**PROVIDED DATA**
* * *
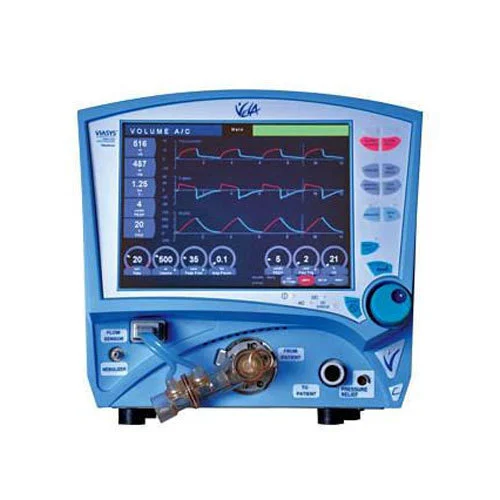 CareFusion Viasys Vela Refurbished Ventilator, App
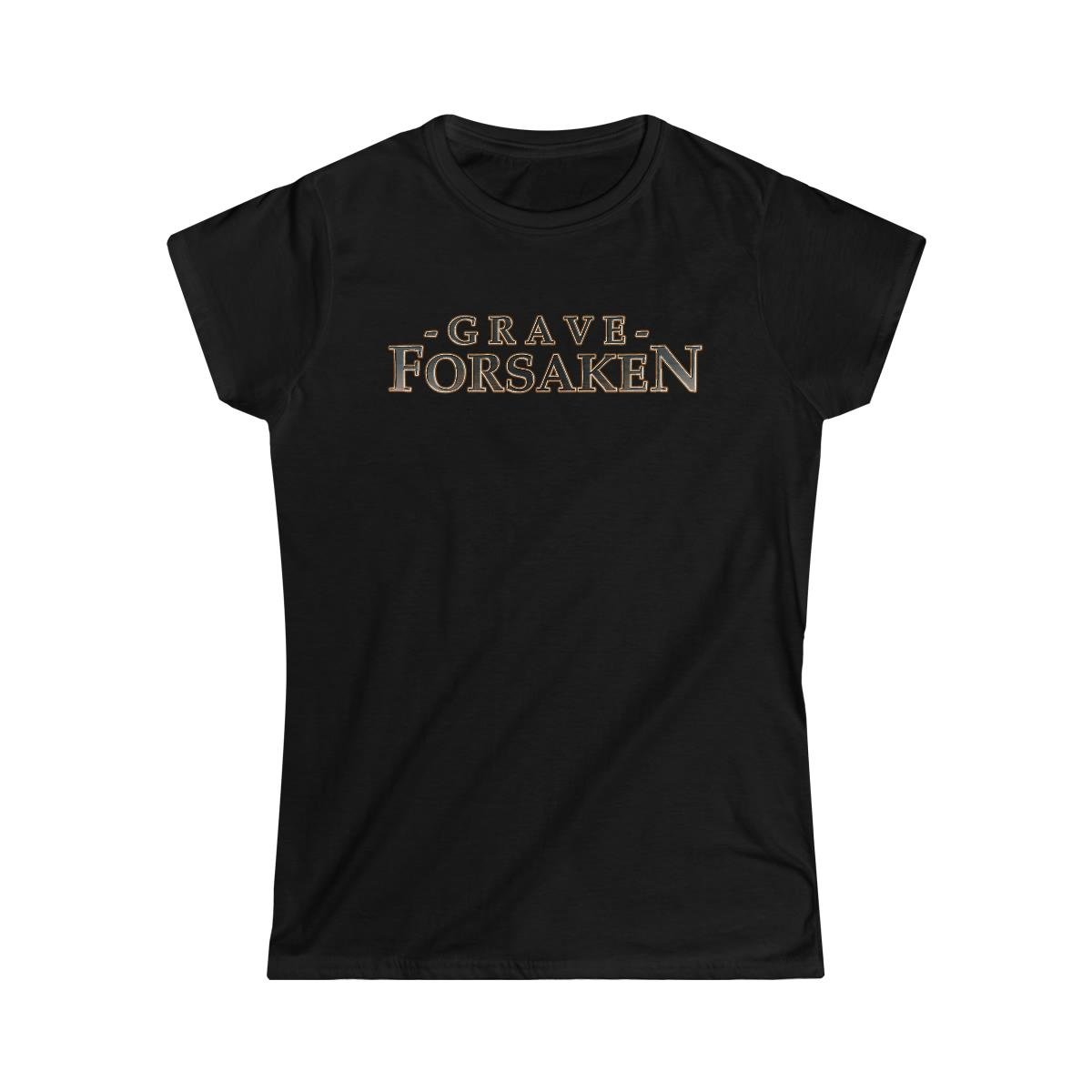 Grave Forsaken Logo Women’s Tshirt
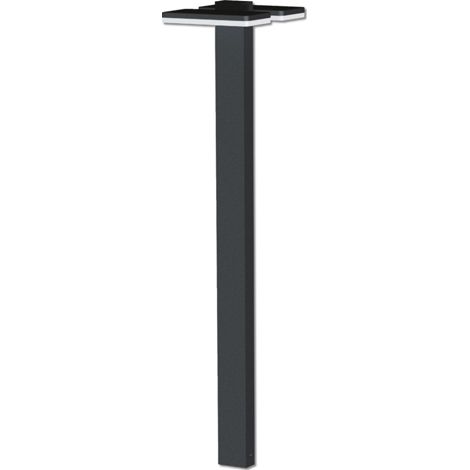 Naeve CLAIR Borne LED extérieure Anthracite 3000K IP44
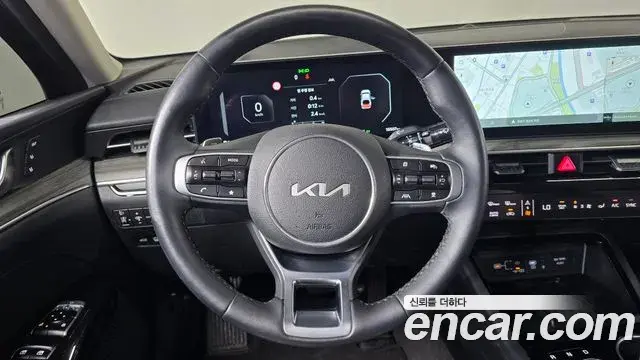 Kia K5 2025 — ფოტო 14/34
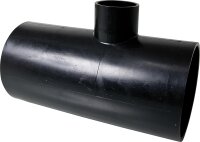 Abzweig reduziert 88° 30 PEHD D = 110/56 mm, DN =...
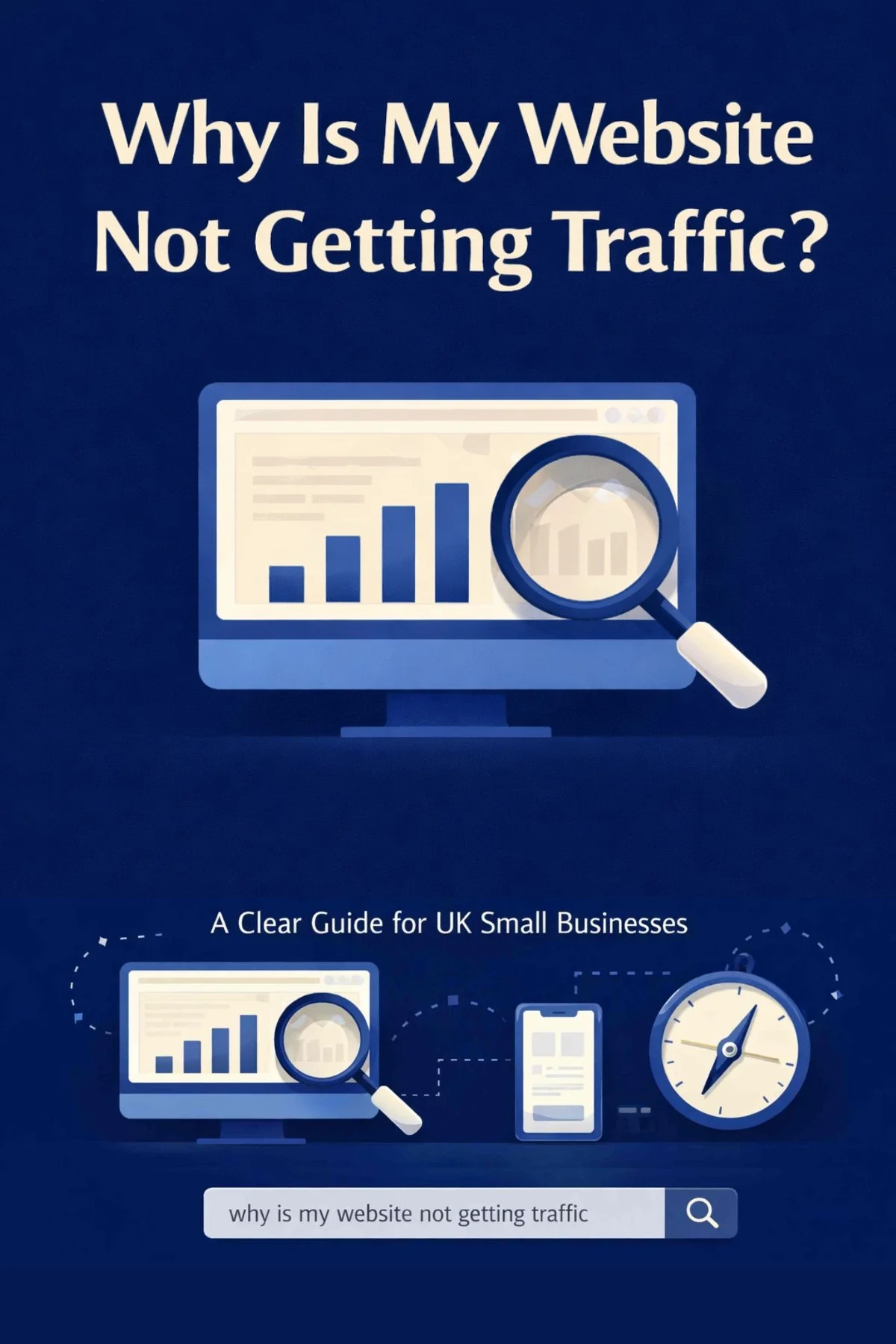 Why Is My Website Not Getting Traffic? (And How to Fix It Properly)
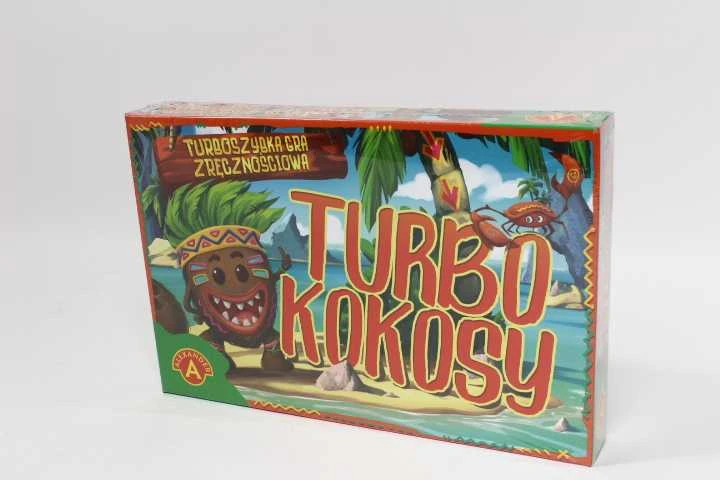 Alexander Aleksandro arkadinis žaidimas - „Turbo“ kokosai (šokinėjantys kamuoliai)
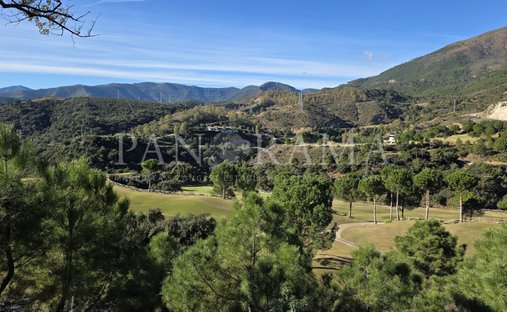 Terreno en La Zagaleta, Benahavís, Andalucía 1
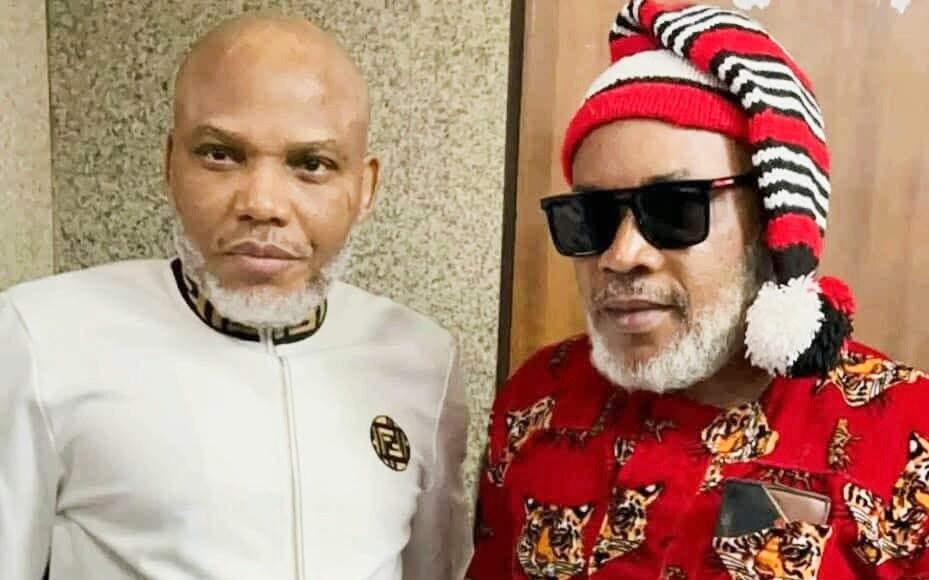 Nammdi Kanu and Family (1) Nnamdi Kanu May Miss Friday’s Court Sitting As DSS Denies Him Access To Lawyers - Family Alleges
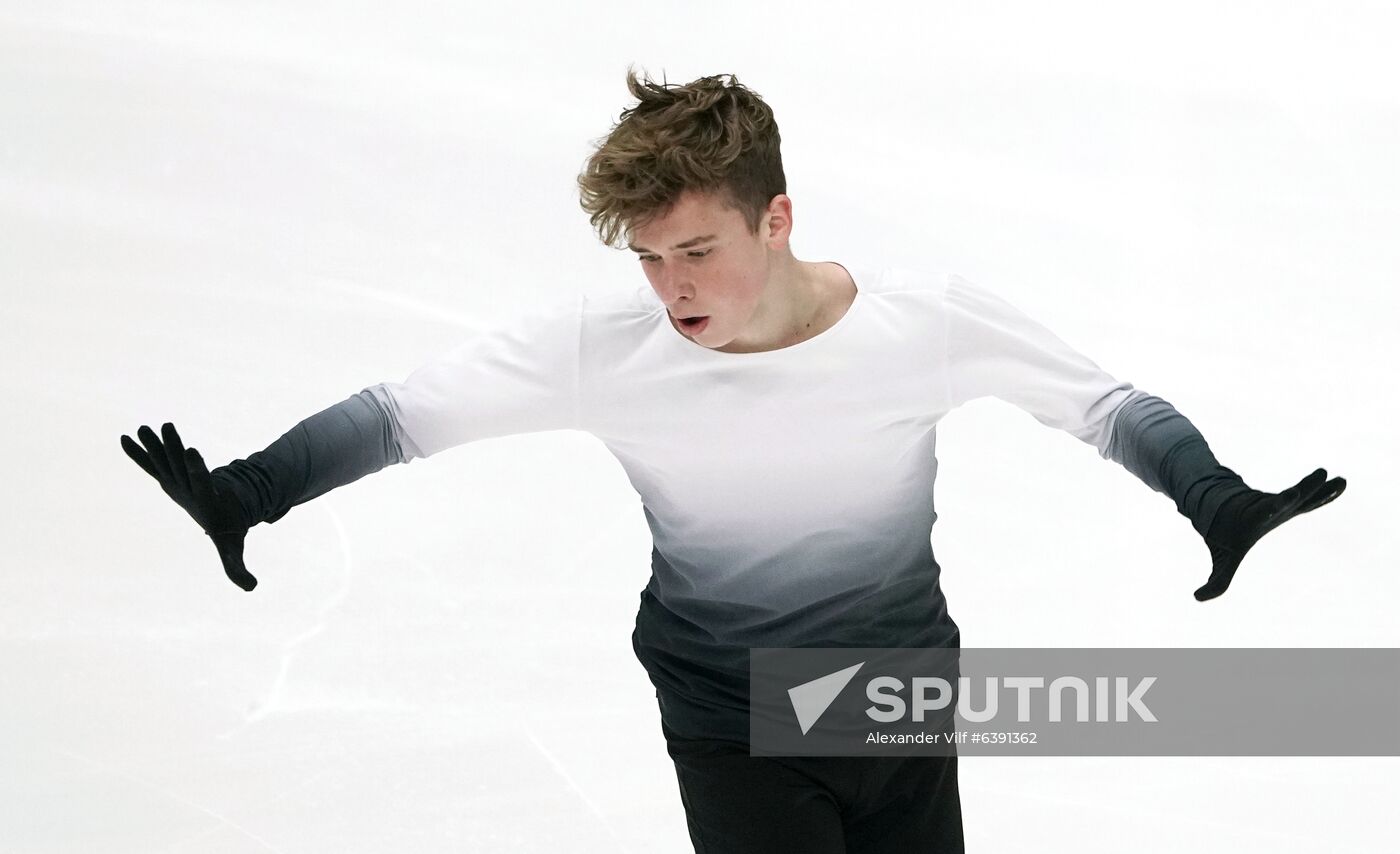 Russia Figure Skating Grand Prix Men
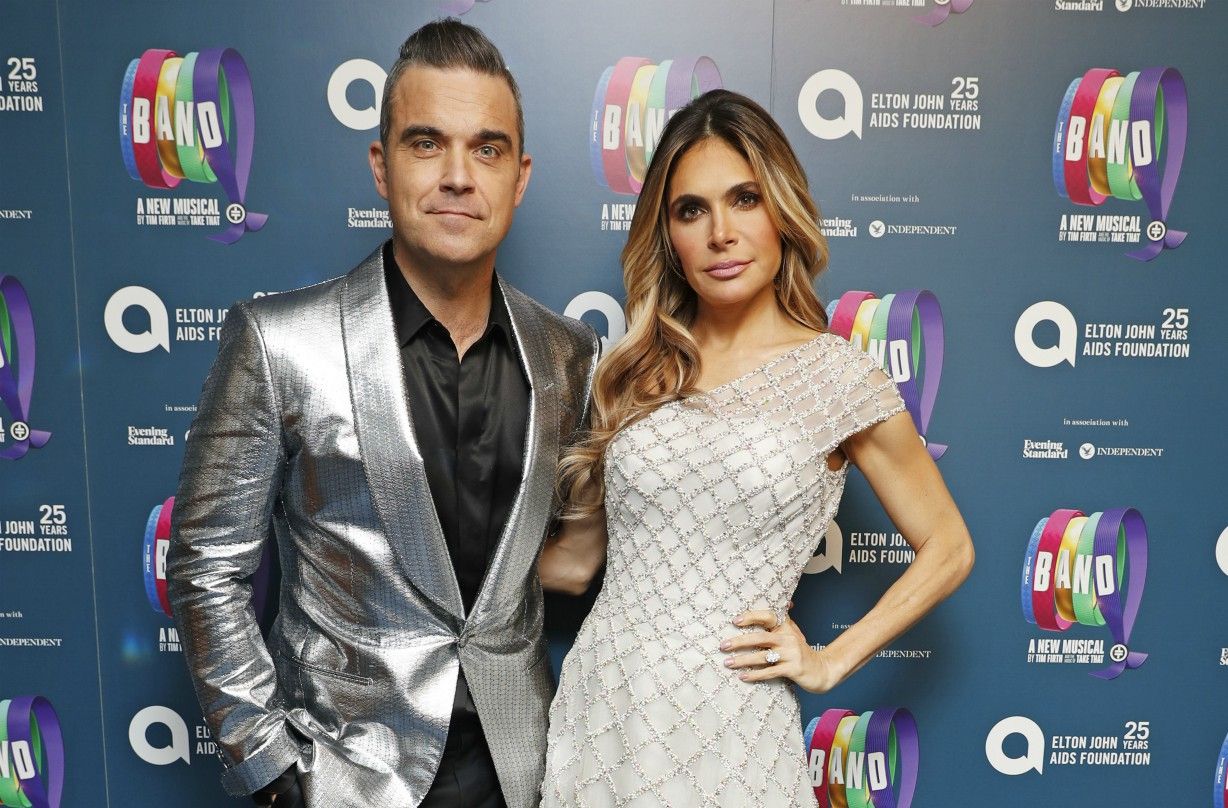 Robbie Williams Ayda Field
* * *
**WHAT YOU HAVE TO DO**
Every line from the one holding "Russia Figure Skating Grand Prix Men" through the end of the records above must be reproduced verbatim, pictures excepted.

**RESPONSE TO THE EXERCISE**
 Russia Figure Skating Grand Prix Men
 Robbie Williams Ayda Field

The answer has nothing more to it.